[whatwg] <!DOCTYPE html><body><table><math><mi>foo</mi></math></table>

Mon Dec 12 19:36:47 PST 2011

I think this is the same problem I reported here: http://lists.whatwg.org/htdig.cgi/whatwg-whatwg.org/2011-October/033533.html
See Hixie's response to that message.  I think this is a known problem, though I don't know if a bug has been filed on it.

    David

----- Original Message -----
From: "Adam Barth" <w3c at adambarth.com>
To: "whatwg" <whatwg at lists.whatwg.org>
Cc: "Henri Sivonen" <hsivonen at iki.fi>
Sent: Monday, December 12, 2011 6:23:23 PM
Subject: [whatwg] <!DOCTYPE	html><body><table><math><mi>foo</mi></math></table>

I'm trying to understand how the HTML parsing spec handles the following case:

<!DOCTYPE html><body><table><math><mi>foo</mi></math></table>

According to the html5lib test data, we should parse that as follows:

| <!DOCTYPE html>
| <html>
|   <head>
|   <body>
|     <math math>
|       <math mi>
|         "foo"
|     <table>

However, I'm not sure whether that's what the spec actually does.

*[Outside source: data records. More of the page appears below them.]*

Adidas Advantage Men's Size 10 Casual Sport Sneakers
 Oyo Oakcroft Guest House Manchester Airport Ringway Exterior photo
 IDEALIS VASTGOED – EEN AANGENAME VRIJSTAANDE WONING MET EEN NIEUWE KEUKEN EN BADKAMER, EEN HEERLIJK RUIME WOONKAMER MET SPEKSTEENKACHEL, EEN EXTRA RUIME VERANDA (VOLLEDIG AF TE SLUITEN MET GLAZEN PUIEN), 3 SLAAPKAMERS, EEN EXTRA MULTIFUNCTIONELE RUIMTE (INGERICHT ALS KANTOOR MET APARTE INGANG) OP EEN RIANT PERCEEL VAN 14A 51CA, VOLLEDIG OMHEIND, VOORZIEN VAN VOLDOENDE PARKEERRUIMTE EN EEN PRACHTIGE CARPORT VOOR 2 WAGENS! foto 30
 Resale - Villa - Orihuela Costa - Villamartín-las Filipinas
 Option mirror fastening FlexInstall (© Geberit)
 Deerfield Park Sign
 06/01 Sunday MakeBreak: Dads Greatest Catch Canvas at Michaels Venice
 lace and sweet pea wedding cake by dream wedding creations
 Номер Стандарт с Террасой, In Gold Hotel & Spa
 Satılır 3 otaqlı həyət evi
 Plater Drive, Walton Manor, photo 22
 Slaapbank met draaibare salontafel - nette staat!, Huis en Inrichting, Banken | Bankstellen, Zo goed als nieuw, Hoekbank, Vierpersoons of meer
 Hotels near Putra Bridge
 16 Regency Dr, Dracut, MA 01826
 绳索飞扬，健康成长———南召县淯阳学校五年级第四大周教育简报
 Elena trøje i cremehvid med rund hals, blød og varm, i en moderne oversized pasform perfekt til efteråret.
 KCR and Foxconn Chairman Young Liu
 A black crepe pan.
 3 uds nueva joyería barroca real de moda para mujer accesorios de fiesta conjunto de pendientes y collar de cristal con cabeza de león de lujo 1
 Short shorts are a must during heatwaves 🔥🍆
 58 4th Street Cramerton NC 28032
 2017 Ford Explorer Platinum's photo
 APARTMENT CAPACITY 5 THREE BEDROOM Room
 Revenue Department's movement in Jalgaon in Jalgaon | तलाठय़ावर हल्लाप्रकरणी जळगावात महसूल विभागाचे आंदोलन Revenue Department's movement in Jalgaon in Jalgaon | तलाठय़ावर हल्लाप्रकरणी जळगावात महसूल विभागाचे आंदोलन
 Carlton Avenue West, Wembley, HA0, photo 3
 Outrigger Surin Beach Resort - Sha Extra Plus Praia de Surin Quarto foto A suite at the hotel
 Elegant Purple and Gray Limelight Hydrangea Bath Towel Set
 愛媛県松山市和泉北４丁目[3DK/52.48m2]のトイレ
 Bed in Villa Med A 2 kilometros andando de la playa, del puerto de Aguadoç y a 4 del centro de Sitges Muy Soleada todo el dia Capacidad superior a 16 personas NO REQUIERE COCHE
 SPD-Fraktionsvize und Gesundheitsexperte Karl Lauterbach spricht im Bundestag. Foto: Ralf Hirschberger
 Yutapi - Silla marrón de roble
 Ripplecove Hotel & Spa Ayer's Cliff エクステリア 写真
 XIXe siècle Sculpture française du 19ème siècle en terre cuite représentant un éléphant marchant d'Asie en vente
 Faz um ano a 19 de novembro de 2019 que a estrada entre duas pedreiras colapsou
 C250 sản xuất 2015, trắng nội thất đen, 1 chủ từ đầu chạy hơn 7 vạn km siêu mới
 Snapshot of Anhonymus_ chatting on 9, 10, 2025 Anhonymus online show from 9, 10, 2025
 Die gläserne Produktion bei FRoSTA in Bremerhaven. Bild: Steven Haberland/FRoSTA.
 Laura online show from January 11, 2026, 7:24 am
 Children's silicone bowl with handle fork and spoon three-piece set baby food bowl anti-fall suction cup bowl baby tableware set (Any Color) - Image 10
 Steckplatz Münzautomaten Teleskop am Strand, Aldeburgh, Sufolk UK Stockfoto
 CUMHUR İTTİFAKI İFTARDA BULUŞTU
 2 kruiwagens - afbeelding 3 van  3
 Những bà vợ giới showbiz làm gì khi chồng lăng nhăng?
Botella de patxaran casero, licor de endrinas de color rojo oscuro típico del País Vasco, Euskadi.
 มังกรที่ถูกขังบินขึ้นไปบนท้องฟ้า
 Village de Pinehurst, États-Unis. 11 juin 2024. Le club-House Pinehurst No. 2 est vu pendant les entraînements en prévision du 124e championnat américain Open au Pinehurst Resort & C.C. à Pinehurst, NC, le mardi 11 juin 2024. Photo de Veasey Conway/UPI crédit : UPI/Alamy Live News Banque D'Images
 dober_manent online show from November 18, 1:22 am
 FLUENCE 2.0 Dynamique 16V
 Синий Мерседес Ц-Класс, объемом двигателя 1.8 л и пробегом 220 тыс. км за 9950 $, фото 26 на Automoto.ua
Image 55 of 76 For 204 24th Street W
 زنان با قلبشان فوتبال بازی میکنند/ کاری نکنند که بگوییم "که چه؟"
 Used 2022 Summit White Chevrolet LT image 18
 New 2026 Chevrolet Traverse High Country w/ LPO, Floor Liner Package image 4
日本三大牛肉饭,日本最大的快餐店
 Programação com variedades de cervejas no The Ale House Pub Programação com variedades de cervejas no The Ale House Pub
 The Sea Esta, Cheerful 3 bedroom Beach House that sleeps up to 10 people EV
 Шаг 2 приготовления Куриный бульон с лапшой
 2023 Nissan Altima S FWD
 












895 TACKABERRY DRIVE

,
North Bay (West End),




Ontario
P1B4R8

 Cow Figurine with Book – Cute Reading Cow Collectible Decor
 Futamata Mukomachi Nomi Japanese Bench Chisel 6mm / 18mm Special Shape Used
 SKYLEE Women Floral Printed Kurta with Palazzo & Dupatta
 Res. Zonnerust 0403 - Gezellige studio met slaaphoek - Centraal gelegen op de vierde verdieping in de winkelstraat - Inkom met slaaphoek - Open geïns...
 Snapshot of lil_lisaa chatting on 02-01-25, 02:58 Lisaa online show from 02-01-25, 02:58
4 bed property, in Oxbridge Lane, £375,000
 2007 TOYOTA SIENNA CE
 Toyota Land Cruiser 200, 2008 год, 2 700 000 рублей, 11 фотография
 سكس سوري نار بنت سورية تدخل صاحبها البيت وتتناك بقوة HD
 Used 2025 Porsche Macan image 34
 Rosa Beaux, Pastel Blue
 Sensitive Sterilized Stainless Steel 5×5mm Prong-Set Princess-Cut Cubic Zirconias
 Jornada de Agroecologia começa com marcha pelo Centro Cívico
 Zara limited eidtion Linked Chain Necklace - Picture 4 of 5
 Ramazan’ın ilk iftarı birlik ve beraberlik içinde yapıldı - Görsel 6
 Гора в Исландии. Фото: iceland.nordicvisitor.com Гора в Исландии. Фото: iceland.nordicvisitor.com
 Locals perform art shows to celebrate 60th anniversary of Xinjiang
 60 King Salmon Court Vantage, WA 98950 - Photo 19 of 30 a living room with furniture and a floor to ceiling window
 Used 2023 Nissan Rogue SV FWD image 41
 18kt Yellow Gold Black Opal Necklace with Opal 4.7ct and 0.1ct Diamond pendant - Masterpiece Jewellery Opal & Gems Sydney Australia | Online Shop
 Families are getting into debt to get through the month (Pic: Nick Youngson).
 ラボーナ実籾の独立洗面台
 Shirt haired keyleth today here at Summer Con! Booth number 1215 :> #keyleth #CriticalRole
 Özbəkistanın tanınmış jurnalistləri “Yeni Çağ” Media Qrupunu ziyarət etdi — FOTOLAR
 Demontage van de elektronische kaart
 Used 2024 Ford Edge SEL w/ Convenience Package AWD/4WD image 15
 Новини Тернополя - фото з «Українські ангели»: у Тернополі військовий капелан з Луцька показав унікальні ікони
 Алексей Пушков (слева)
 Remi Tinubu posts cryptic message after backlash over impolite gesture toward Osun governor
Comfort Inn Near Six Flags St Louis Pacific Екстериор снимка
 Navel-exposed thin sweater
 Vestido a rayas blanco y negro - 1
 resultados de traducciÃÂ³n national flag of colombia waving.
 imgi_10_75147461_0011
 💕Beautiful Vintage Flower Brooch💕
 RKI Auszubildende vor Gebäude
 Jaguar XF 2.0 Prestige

Consider point at which we parse the "f" character token (from "foo").
 The insertion mode will be "in table".  The spec will execute as
follows:

-> If the current node is a MathML text integration point and the
token is a character token
  * Process the token according to the rules given in the section
corresponding to the current insertion mode in HTML content.

-> A character token
  * Let the pending table character tokens be an empty list of tokens.
  * Let the original insertion mode be the current insertion mode.
  * Switch the insertion mode to "in table text" and reprocess the token.

-> Any other character token
  * Append the character token to the pending table character tokens list.

... the "o" and "o" will be processed similarly and end up in the
pending table character tokens list.

Now, consider the </mi> token.  We're still at a MathML text
integration point, but the current token is neither a start token
(with certain names) nor a character token, so we process the token
according to the rules given in the section for parsing tokens in
foreign content.

-> Any other end tag
  * Run these steps:
    ...

The net result of which is popping the stack of open elements, but not
flushing out the pending table character tokens list.  The list will
eventually be flushed when we process the </table> token, resulting
these character tokens getting foster parented:

| <!DOCTYPE html>
| <html>
|   <head>
|   <body>
|     <math math>
|       <math mi>
|     "foo"
|     <table>

Thanks,
Adam